宇宙戦艦ヤマトで描かれる惑星位置を真面目に検証

 最近最新作が出て再びフィーバーしているスターウォーズだが、この状況に何となく日本人としての対抗心が頭をもたげ、日本版SFの大作と言える「宇宙戦艦ヤマト」を最近チェックするようになった。

 「宇宙戦艦ヤマト」は私が小さい頃の、もう40年以上も前に作られたアニメだが、YOUTUBEで改めて見る限りでは、そんな古い時代のものとは思えないほど、絵やストーリーがしっかりしているなという印象である。

 もちろん古いことは古いので画質がやや粗いのは目をつぶるとしても、手書きのセル画で作られたであろう映像はかなり手が込んでいて描写が細かいし、佐々木いさをさんの歌う歌・音楽も今でも古びた感じのしない不朽の名作である。
 
 さらに驚くのはしっかり物語を支えている数々の宇宙情報であり、その当時の宇宙研究の最先端であろう情報が結構細かくいっぱい詰め込まれている。

 まあ当時の日本は1969年のアメリカのアポロ計画の月面着陸の成功を受けた直後で宇宙熱の高い時期でもあり、その時期に作られた宇宙戦艦ヤマトの宇宙描写が細かいのは当然とも言える。
 
 ところで、このアニメに描かれた宇宙の情報を今になって改めて検証をしてみると、結構大きな矛盾があることを発見する。

 もちろん所詮は創作アニメなので、元々ご都合主義で描かれる矛盾の塊と言えばそれまでなのだが、今回敢えてその矛盾をちょっと真面目に検証してみることにした。

 その矛盾とは舞台となった当時の太陽系の惑星の相対的な位置のことである。

月

 太陽系の惑星は、内側から順に水金地火木土天海冥の言葉で覚えるように、太陽の周りをそれぞれの軌道で回っているが、当たり前の話だが、直線上に全惑星が並んでいるわけではない。

 つまり、それぞれの惑星が、それぞれの速度で太陽の周りを公転しているから太陽から見た惑星の方角は基本的にばらばらとなり、3つ以上の惑星が直線になるのは奇跡的な確率といえる。
 しかし、アニメではなんと地球から太陽系の外へ向かう流れの中で火星、木星、土星、冥王星と順番に4つもの惑星が登場してしまっているのである。

 これはどう考えてもやはりおかしく、こんなに都合よく綺麗に遭遇するわけはないのである。
 そこで気になって、このアニメの背景となった2199年時点の各惑星の位置をチェックしてみた。

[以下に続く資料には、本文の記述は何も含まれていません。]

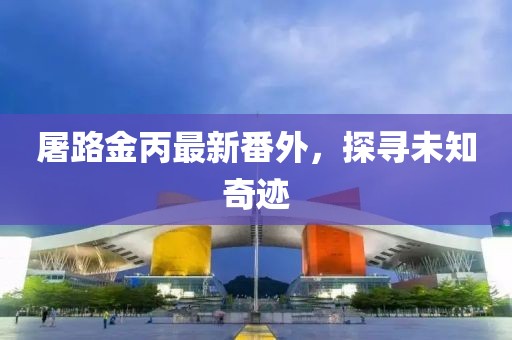 屠路金丙最新番外，探尋未知奇跡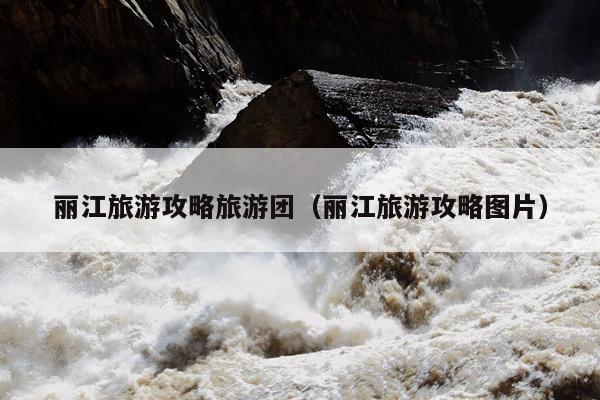 丽江旅游攻略旅游团（丽江旅游攻略图片）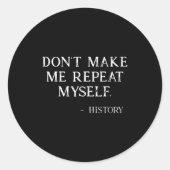Don't Make Me Repeat Myself Funny History Buff ラウンドシール (正面)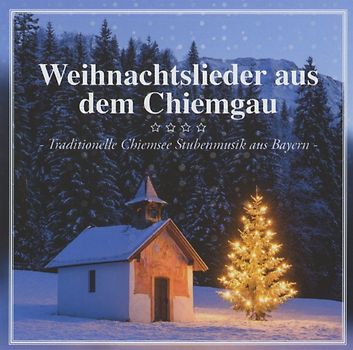 Weihnachtslieder aus dem Chiemgau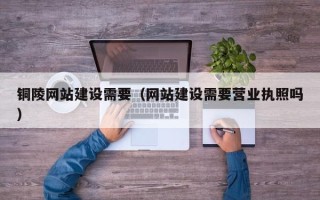 佛山铜陵网站建设需要（网站建设需要营业执照吗）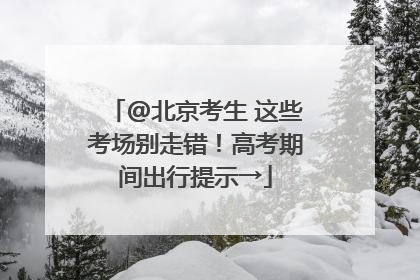 @北京考生 这些考场别走错！高考期间出行提示→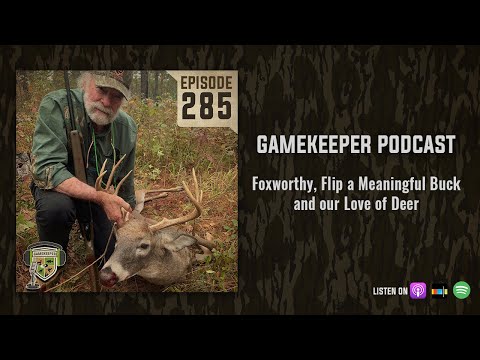 EP:285 | Foxworthy, Flip a Meaningful Buck and our Love of Deer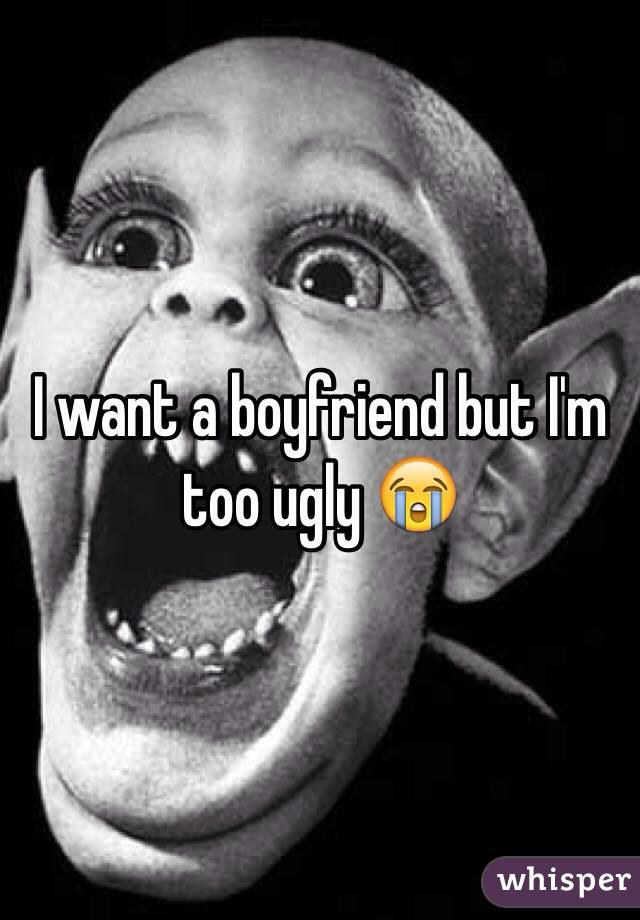 I want a boyfriend but I'm too ugly 😭
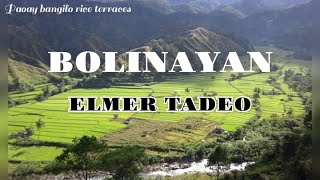 bolinayan with lyrics by elmer tadeo | banao-gubang song | abra song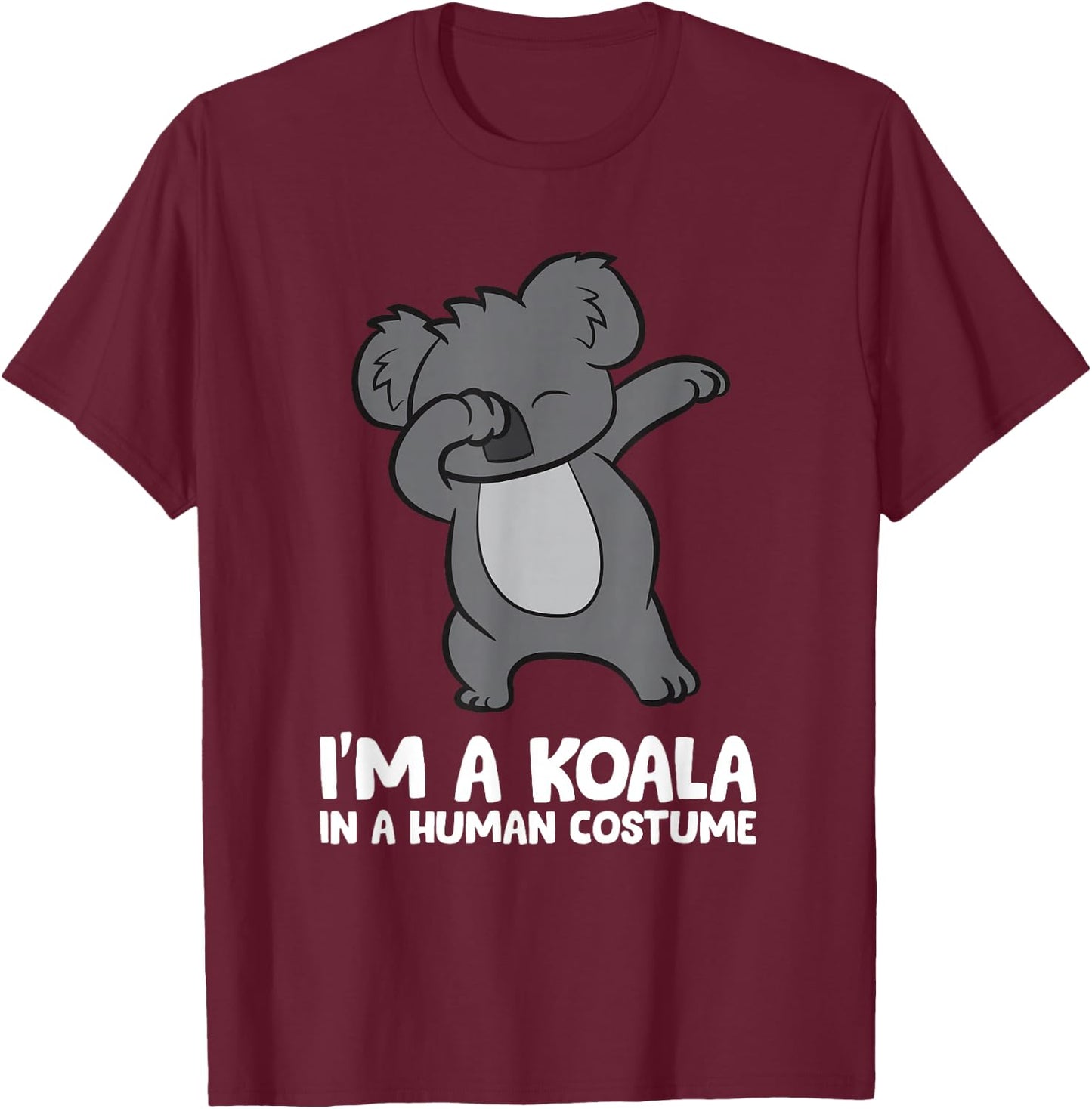 I'm A Koala in A Human Costume Funny Koala T-Shirt - T-Shirt | Maroon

(笑)

 この際、上下のずれを表す赤緯については無視するが、2199年10月の地球から見た惑星の方向(赤経)を計算ソフトを使ってチェックすると、火星08h23m、木星21h59m、土星21h51m、冥王星09h59mという結果が出た。

  参考サイト:つるちゃんのプラネタリウム

 これを信じれば、2199年10月時点で火星と冥王星はほぼ同じ方向だが、木星と土星は12時間も違うまるっきり別の方向にあることになり、アニメのような順番では惑星は登場し得ないことになる。

 更ににウィキペディアの情報によると宇宙戦艦ヤマトの目的地であるイスカンダル星のある大マゼラン星雲は、2000年の計測で05h23mの方向であることから、2199年当時で比較的火星と冥王星の方向に近いということが出来る。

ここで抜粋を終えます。